[Image-text web data]

****************

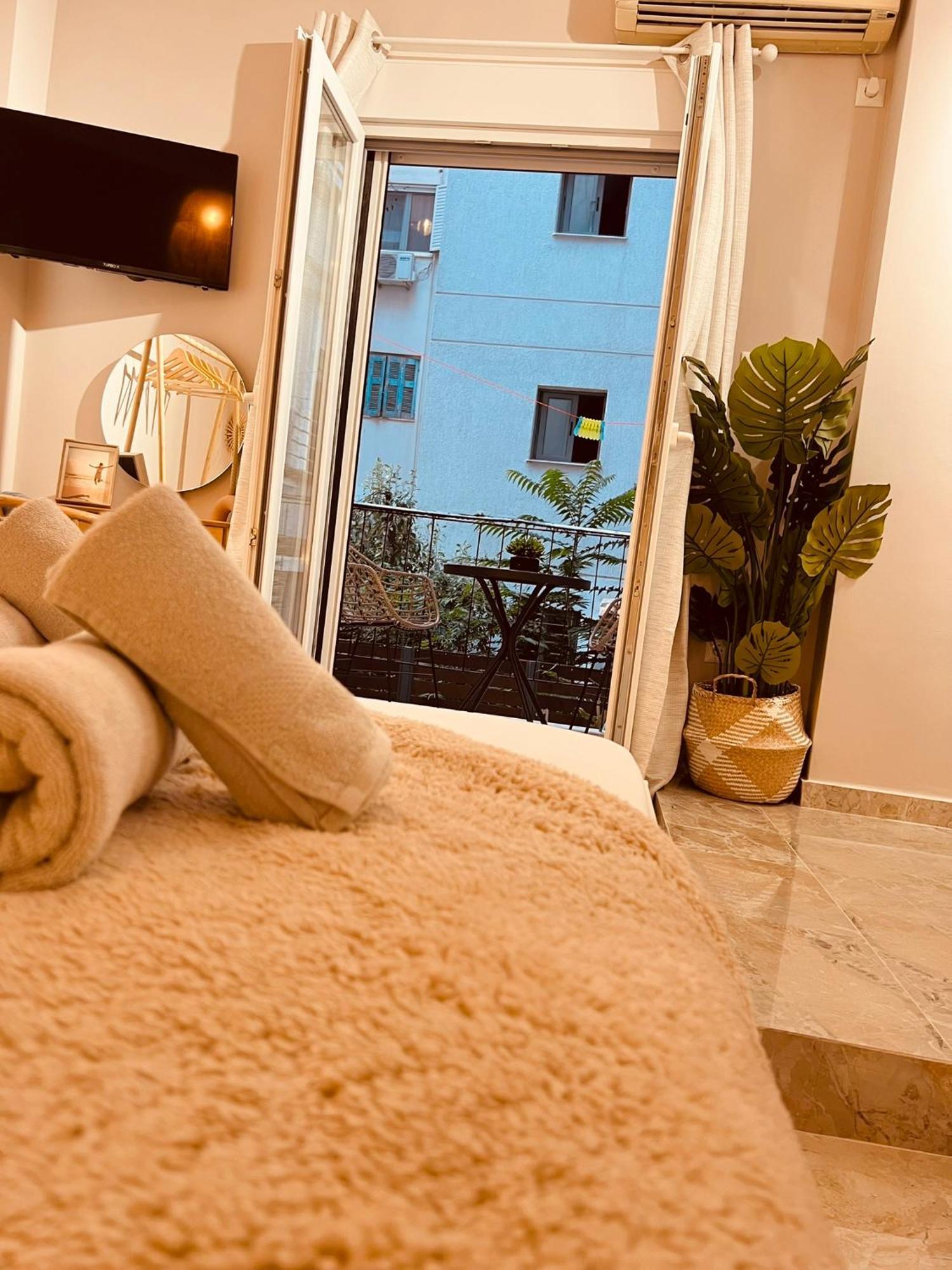 Apartment Cactus Luxury Suite3 Athens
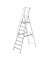 ML Plattformleiter 51098 8Stufen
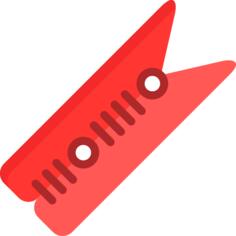 Clothespin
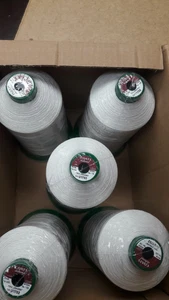 Coats Dabond Industrial sewing thread V-42 V-69 V-92 V-132 white black - Picture 1 of 6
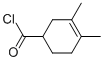 3-Cyclohexene-1-carbonyl chloride, 3,4-dimethyl- (9CI) CAS#: 69815-57-2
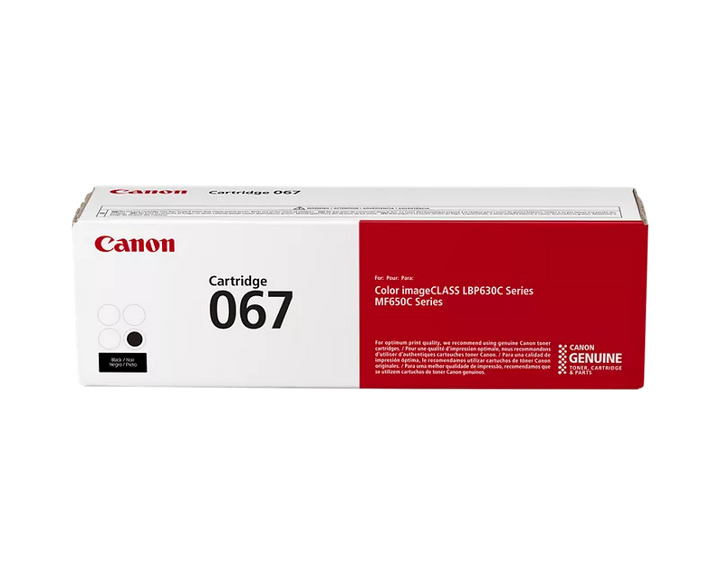 Canon 067 Toner Cartridge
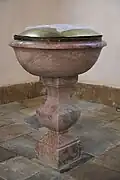 Fonts baptismaux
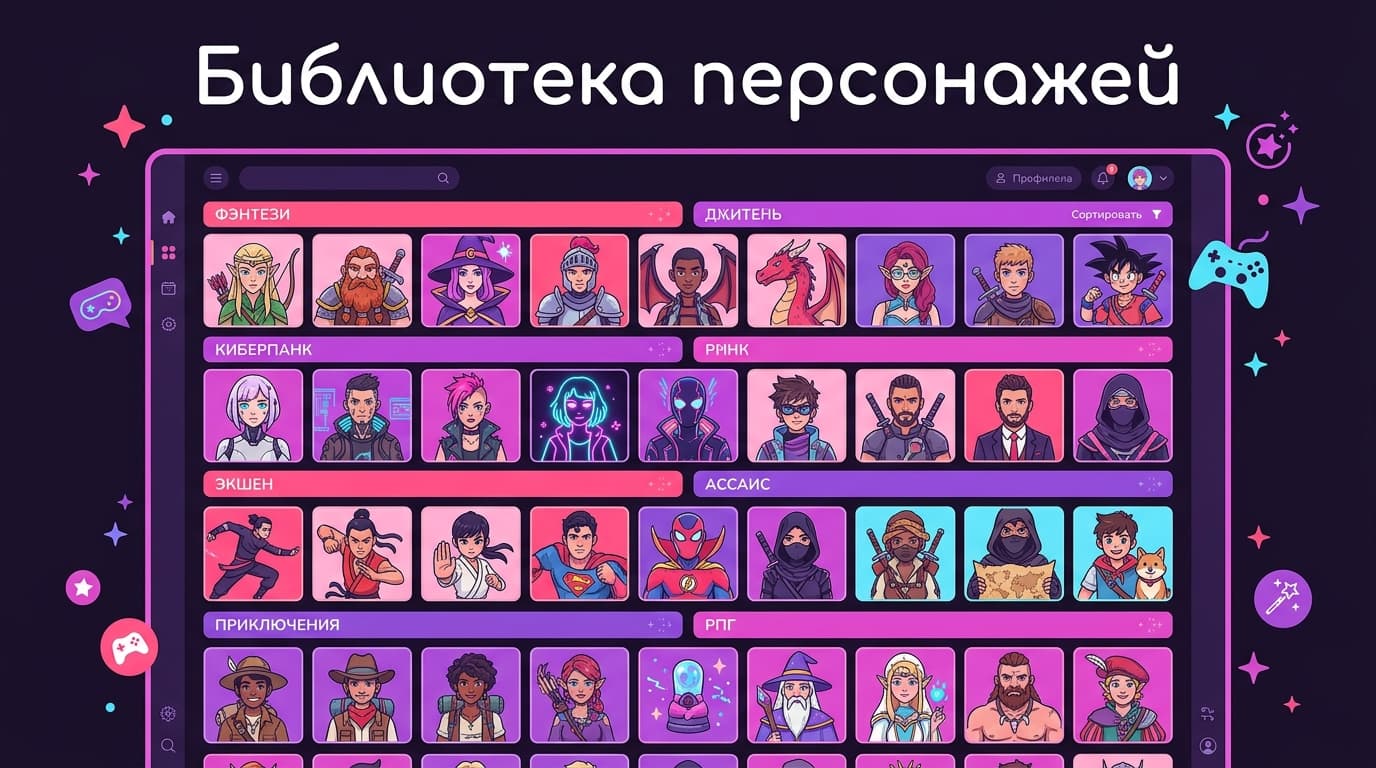 Talkie: как оживить любимого персонажа из аниме или игры в чате — фото 4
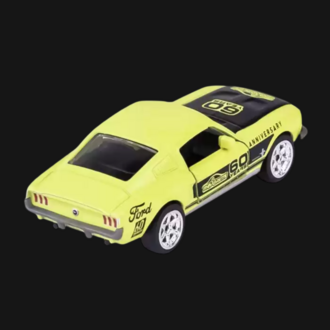 Majorette Anniversary Edition 60. Years Ford Mustang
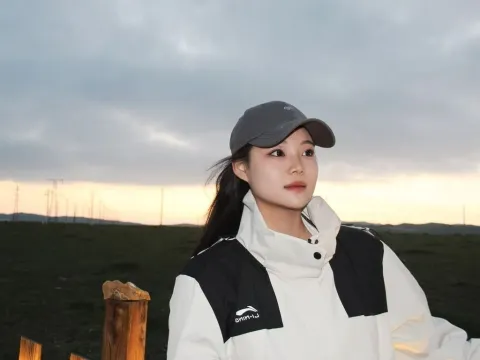 teen cam sex model YuYangyi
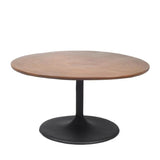 Castelle Tulip Aluminum Outdoor Round Dining Table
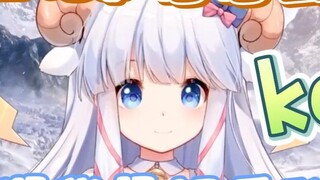 【咩Li】 Menurutku aku adalah orang yang sangat membosankan tetapi Zaizai tetap menerimaku!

****************

| Assignment |
Each line from the one that contains "ML Plattformleiter 51098 8Stufen" down to the one that contains "Talkie: как оживить" is to be returned exactly as it stands above, both ends included, with pictures removed.

| Exercise output |
 ML Plattformleiter 51098 8Stufen
 Clothespin
 Coats Dabond Industrial sewing thread V-42 V-69 V-92 V-132 white black - Picture 1 of 6
 3-Cyclohexene-1-carbonyl chloride, 3,4-dimethyl- (9CI) CAS#: 69815-57-2
 Canon 067 Toner Cartridge
 Fonts baptismaux
 Talkie: как оживить любимого персонажа из аниме или игры в чате — фото 4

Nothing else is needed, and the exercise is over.